Of course, the Left Wing Parties will still campaign on the pitch that they’ll raise taxes so that us little folk will get looked after but after they’re elected the bundle made out of increased taxes won’t trickle down to us but will be squandered on incompetence, stupid decisions, and their campaign to be re-elected. Or have I missed something?
The Right-Wing Parties will run on a campaign of strength (usually meaning starting a new war somewhere and raining bombs on ordinary people like us who have no idea what the fuck is happening), business acumen, cut taxes (so us poor people have more money in our pockets for luxury items like bread), and will then proceed to squander money on incompetence, stupid decisions, and their campaign to be re-elected. Sadly, I haven’t missed anything.
My dad was a staunch Labour man all his life and was so far to the left he may as well have been a Communist. He had an intense dislike for bosses, police, the Royal Family, priests, June Allyson, Prime Minister Menzies and anyone he thought was a “big hat, no horse.”
After several drinks he’d want to start a petition to have a statue erected to Ned Kelly. Dad had lived a tough life losing his mother at the age of two and then being given up, with his two brothers, to relatives to bring up. He’d been denied much in his life including parental love and struggled all his days to show the great love he felt to those he cared about most.
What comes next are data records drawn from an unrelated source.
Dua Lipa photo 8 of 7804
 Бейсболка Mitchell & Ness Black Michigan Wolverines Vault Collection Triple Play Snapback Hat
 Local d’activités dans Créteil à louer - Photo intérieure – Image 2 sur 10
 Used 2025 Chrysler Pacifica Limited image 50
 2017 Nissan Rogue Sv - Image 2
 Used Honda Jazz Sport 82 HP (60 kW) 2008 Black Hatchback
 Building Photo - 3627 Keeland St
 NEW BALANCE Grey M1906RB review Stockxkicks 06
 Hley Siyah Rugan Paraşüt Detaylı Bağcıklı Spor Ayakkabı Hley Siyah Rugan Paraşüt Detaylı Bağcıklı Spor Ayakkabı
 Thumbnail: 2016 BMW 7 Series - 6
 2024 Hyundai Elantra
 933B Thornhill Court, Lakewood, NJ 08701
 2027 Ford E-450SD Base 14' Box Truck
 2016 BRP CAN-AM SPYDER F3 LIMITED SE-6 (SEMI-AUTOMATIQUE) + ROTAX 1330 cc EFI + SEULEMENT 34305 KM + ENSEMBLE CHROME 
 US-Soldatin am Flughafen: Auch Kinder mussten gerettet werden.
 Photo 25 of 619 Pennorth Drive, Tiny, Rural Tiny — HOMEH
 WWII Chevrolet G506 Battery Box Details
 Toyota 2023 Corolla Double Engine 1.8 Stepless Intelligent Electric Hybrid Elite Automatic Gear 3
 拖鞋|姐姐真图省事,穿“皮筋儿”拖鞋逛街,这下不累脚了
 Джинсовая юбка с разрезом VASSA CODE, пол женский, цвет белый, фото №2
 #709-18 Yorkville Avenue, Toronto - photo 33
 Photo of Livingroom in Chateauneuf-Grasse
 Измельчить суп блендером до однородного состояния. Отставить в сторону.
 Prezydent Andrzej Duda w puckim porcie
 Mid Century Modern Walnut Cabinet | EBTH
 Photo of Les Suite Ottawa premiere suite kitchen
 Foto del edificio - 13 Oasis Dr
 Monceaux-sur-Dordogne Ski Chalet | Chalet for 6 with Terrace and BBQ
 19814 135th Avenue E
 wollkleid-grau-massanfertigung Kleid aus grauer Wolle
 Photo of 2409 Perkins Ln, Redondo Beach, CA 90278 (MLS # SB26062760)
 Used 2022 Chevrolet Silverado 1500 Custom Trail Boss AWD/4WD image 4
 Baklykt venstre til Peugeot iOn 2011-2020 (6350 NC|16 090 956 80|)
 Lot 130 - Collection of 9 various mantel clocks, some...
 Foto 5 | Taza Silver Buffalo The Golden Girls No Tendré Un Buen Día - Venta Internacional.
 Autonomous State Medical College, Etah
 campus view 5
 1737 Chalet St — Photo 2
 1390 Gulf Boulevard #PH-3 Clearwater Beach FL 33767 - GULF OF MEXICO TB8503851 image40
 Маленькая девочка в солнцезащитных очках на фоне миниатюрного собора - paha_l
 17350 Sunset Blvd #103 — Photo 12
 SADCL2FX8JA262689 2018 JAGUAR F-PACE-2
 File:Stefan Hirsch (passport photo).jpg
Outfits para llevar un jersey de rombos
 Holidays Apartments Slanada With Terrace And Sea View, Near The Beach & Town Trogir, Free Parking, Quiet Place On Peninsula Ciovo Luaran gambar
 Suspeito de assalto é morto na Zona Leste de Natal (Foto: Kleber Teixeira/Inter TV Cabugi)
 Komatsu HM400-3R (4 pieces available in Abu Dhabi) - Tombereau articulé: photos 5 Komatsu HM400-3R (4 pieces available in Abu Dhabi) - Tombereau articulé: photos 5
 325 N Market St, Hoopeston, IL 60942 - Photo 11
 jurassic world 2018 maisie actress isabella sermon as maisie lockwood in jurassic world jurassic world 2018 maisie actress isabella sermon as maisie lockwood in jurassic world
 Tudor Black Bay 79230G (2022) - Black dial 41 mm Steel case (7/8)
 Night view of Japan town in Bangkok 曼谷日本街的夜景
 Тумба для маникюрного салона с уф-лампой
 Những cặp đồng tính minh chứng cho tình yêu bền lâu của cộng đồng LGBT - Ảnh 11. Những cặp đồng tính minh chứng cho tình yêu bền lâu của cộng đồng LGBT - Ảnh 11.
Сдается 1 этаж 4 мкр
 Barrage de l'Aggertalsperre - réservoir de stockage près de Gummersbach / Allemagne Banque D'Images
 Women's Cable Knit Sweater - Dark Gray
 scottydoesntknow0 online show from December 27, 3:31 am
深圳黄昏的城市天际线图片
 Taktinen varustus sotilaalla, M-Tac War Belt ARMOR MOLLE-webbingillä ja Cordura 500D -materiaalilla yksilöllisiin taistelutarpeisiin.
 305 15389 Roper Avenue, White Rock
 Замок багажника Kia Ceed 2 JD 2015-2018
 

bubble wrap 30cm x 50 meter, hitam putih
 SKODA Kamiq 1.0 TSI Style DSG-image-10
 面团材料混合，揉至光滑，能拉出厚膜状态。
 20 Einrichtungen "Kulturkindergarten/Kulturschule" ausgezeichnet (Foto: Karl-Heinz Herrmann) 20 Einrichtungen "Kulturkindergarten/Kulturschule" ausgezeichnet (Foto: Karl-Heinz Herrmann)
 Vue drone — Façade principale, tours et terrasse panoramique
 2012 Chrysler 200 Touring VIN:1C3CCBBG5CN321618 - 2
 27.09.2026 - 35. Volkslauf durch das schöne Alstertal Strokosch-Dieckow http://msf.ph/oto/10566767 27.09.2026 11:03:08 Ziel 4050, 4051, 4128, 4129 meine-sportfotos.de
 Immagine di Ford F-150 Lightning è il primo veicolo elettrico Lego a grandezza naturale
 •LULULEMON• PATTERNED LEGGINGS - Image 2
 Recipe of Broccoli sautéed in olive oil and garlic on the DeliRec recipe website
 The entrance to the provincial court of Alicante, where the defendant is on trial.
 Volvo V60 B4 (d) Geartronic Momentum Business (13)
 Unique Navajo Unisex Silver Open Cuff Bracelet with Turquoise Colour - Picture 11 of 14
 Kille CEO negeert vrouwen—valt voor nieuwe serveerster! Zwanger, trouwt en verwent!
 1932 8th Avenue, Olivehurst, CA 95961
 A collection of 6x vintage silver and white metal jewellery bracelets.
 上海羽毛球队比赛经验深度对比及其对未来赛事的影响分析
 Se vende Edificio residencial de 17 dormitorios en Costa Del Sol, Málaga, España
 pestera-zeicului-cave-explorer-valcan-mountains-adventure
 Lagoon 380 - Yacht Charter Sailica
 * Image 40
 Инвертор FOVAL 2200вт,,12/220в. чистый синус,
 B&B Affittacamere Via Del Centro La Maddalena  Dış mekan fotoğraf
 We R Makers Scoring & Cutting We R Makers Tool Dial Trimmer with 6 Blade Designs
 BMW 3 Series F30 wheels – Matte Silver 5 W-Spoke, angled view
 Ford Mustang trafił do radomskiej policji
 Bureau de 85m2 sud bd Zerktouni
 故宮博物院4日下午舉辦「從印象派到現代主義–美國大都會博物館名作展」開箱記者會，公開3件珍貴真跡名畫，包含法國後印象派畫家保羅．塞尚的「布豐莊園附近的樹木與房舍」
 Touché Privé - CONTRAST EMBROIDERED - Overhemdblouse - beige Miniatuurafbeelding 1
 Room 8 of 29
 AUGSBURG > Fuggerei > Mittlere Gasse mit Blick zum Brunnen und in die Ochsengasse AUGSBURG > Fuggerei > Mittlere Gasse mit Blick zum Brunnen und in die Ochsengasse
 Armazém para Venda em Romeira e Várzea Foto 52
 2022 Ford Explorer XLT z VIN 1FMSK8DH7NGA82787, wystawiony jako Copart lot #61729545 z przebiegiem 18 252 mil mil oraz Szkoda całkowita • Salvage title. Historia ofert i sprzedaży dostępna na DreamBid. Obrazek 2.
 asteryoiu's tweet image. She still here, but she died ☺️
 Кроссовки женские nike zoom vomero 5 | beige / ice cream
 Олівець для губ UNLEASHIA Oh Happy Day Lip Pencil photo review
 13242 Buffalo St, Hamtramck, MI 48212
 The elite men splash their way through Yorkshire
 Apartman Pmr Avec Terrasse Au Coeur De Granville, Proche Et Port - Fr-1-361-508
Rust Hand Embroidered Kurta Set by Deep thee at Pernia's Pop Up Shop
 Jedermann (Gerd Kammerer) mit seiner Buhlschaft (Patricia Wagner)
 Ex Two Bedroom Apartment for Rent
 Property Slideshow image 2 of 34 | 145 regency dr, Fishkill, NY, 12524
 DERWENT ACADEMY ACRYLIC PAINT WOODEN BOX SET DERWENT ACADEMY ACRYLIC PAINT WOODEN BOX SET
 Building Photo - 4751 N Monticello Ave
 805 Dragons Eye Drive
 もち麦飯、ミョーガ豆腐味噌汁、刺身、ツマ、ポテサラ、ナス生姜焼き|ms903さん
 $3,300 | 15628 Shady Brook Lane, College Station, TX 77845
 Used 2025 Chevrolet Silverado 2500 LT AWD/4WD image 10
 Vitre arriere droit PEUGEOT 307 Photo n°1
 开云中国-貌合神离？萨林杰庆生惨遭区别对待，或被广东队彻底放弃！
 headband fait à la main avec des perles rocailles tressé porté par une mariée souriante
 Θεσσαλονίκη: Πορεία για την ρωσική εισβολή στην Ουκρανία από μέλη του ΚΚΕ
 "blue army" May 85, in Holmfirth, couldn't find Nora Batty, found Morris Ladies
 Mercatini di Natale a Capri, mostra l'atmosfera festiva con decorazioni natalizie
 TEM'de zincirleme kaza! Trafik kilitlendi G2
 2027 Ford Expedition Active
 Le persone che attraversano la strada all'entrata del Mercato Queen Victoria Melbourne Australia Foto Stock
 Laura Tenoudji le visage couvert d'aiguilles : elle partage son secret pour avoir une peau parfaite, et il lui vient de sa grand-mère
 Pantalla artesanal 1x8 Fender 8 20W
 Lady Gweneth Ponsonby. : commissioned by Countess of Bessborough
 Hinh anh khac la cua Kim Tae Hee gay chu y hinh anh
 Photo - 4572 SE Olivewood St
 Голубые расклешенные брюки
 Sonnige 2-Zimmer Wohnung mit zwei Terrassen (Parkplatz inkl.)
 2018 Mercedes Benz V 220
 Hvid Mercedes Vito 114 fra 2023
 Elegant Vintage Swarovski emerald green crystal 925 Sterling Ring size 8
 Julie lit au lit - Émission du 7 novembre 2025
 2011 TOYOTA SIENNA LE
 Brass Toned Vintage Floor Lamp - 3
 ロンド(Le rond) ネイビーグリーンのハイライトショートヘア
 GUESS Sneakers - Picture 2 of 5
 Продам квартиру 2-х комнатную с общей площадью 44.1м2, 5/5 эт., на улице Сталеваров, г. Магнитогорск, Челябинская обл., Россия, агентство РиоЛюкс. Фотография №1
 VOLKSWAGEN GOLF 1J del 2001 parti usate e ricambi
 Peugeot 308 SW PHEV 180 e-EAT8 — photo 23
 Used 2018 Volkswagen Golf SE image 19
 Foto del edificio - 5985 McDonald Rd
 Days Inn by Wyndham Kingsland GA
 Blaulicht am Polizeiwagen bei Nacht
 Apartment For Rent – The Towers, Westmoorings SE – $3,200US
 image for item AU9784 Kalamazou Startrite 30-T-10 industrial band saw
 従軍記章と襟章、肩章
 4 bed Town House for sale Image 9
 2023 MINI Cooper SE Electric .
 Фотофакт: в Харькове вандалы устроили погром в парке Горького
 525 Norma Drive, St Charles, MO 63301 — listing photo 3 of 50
I don’t think he’d have much time for the Chardonnay sipping new age Left Wingers. But that was him. And it was a different world. A slower, simpler place where people, if you were any good, did the right thing regardless of the cost.
But politics, nowadays, is mostly a game. The system rarely throws up someone who stands for anything other than getting elected, and if it does, that naively principled person will either be crushed under the wheels of the machine or stabbed in the back by colleagues eager for the spotlight. And therein lies the problem. The ego. Candidates want the top job for the wrong reason. General Ulysses Grant was a shy man who drank excessively not only to go into battle but in order to face people. To him, becoming
President was his worst nightmare. But within days of winning the Civil War (there’s an irony in those words), his leader, President Lincoln, was slain and Grant knew that unless he ran for President everything that they had achieved in that long and bloody war would be undone. So, Grant sought the position not out of ego or a lust for power but out of a sense of duty to benefit the country he loved. People like this don’t come along often but history does have a habit of producing them at the right time.
I have met many politicians in Australia and Los Angeles in my time and save for a few good people, most of them were elitist phony snobs pretending to have a purpose in life. Having spent most of my years in the theatre I can judge a performance when I see one. This great disappointment has made me totally apolitical. I am not a card carrying member of any political organisation so I am not shackled by party lines and rooting for “our” designated leader as if it were a football game. My party isn’t officially registered. It is the Party of Common Sense. But no one is hated more these days than a free thinker. People have to categorise you. Put you in a convenient box and tick it. Sometimes I agree with the Left, sometimes I agree with the Right. It depends on what the issue is and what the arguments are. And when you think about it it’s the free thinkers that actually elect the government. The swinging voters, as they call them.
So at this time with all the problems facing our world I would implore voters to ignore the smear campaign ads, the dirt (whom amongst us can throw the first stone?), and all the manipulative side tracking issues they throw up to take our attention away from the real questions, like, “What are your policies?” “What are you going to do differently that you haven’t already done to disastrous effect?” “What are your plans to get people back to work?” and, if the heavenly powers above have stated that one must attempt to help one’s neighbours, “What are you going to do to ease the struggle of the aged and the unwell amongst us?”
Then take a good long look into their eyes and back your instinct on who, if any, are sincere and true.
After that, God bless us all and lead us not into the valley of darkness. Amen.